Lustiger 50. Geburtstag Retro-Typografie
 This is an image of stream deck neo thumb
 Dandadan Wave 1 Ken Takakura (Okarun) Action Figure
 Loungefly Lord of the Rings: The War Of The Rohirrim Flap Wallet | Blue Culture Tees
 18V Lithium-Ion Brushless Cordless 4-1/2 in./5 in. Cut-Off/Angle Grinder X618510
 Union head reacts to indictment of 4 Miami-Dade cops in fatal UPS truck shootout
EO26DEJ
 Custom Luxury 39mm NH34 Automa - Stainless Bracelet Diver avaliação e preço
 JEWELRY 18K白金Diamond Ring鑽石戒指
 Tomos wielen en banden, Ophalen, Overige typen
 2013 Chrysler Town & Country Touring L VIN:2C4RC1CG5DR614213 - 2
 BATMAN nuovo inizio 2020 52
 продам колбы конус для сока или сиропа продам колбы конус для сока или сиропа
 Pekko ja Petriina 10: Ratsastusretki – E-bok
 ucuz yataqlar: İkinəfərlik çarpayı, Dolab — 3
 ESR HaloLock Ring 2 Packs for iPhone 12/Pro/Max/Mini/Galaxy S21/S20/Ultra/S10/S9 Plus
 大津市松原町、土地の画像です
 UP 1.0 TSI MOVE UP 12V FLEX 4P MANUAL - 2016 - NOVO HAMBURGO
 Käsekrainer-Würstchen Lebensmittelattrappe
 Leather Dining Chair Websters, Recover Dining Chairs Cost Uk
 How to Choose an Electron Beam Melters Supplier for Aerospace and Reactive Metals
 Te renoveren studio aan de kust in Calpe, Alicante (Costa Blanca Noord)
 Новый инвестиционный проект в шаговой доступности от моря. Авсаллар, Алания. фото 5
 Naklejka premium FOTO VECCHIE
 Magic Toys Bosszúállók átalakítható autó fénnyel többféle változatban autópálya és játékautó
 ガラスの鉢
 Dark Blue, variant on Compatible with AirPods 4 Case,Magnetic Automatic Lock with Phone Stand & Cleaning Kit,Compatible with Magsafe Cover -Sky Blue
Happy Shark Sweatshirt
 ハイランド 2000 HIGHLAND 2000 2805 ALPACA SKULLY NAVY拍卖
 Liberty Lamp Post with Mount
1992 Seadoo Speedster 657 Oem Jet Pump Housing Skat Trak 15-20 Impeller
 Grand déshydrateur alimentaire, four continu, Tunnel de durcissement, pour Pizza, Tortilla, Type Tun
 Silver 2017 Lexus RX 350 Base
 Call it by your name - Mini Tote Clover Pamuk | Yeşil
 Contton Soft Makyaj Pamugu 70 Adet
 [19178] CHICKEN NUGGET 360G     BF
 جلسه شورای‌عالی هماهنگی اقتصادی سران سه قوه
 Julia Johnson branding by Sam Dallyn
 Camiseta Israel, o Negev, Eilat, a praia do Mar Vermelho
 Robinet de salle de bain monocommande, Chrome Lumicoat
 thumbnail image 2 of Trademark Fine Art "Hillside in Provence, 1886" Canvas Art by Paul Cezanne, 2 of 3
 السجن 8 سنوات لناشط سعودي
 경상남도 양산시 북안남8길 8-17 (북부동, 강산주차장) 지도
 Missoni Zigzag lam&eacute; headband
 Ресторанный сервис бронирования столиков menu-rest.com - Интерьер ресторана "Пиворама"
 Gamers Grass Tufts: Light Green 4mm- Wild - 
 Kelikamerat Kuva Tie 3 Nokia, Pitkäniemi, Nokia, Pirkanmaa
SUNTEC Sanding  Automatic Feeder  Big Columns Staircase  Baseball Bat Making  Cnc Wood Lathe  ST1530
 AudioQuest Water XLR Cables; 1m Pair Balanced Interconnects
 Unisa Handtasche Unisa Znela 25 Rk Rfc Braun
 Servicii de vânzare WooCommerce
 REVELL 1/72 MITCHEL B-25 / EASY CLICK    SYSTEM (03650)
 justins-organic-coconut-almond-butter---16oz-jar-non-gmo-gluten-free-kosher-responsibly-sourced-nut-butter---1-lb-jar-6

§ §

WHAT IS EXPECTED. Search the material above for the string "image", and copy every line in which it turns up.

ANSWER FOR THE TASK.
 This is an image of stream deck neo thumb
 thumbnail image 2 of Trademark Fine Art "Hillside in Provence, 1886" Canvas Art by Paul Cezanne, 2 of 3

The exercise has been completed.